Stopping right after the line with "Воблеры Rob Lure Berbie Mama SSS", please reproduce the material below exactly from its first line.
SOURCE MATERIAL: Begin
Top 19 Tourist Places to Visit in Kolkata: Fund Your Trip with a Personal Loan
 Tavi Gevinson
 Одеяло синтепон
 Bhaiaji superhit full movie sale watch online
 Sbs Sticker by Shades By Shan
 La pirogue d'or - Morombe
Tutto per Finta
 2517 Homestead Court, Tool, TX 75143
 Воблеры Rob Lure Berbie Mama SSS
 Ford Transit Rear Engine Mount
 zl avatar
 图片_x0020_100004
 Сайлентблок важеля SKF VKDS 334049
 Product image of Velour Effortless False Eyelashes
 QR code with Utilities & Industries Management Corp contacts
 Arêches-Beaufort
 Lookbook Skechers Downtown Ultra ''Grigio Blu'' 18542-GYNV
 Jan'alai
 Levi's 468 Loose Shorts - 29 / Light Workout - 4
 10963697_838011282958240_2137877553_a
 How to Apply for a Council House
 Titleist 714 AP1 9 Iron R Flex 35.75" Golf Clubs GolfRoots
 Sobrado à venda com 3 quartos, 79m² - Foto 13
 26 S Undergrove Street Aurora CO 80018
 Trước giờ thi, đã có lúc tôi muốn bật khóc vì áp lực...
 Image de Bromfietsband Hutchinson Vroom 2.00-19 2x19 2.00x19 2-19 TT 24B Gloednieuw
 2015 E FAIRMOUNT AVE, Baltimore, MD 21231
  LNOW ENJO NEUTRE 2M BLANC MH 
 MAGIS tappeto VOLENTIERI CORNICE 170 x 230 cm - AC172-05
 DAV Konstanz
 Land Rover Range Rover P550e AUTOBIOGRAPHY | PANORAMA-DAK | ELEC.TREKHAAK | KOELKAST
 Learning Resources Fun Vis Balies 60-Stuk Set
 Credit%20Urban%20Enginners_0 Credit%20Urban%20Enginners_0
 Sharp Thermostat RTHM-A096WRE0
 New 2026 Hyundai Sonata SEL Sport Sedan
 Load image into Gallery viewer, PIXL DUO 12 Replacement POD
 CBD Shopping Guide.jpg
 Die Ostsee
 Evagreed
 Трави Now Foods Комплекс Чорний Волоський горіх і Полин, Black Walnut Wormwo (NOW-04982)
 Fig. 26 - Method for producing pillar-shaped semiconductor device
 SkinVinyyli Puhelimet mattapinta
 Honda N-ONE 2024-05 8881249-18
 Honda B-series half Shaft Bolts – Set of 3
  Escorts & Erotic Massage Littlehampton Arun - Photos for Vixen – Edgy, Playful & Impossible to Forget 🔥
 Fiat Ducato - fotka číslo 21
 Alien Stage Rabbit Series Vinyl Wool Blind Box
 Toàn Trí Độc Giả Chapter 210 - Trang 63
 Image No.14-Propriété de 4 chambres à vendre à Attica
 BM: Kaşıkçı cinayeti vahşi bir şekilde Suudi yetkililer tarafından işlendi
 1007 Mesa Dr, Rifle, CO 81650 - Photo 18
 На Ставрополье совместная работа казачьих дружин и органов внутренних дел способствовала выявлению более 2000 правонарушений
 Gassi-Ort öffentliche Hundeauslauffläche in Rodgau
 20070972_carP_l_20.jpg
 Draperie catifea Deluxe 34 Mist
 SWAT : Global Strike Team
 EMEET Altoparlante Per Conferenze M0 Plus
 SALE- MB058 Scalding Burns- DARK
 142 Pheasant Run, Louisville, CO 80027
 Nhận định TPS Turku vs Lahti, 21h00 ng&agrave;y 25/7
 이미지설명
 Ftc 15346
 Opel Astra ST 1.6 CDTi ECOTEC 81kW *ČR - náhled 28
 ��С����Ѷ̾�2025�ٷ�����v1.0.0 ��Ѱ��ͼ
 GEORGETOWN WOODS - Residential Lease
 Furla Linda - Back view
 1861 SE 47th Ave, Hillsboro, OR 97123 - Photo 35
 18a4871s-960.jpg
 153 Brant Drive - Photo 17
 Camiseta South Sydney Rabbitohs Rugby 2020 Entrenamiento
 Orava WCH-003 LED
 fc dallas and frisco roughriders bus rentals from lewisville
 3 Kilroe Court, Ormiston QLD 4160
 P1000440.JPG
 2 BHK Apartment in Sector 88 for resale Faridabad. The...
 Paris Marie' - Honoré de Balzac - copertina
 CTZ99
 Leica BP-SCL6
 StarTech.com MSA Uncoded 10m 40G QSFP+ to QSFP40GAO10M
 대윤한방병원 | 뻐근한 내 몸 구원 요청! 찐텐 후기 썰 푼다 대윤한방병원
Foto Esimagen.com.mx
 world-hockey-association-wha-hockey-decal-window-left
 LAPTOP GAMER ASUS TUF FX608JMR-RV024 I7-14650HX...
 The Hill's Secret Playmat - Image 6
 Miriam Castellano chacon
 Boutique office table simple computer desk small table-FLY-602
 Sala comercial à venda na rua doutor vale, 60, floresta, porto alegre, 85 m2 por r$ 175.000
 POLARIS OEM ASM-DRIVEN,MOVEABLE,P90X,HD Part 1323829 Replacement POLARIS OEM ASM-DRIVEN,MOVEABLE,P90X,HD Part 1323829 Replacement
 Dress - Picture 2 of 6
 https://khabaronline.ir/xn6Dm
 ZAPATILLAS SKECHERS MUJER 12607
SOURCE MATERIAL: End
RESPONSE TO THE TASK =
Top 19 Tourist Places to Visit in Kolkata: Fund Your Trip with a Personal Loan
 Tavi Gevinson
 Одеяло синтепон
 Bhaiaji superhit full movie sale watch online
 Sbs Sticker by Shades By Shan
 La pirogue d'or - Morombe
Tutto per Finta
 2517 Homestead Court, Tool, TX 75143
 Воблеры Rob Lure Berbie Mama SSS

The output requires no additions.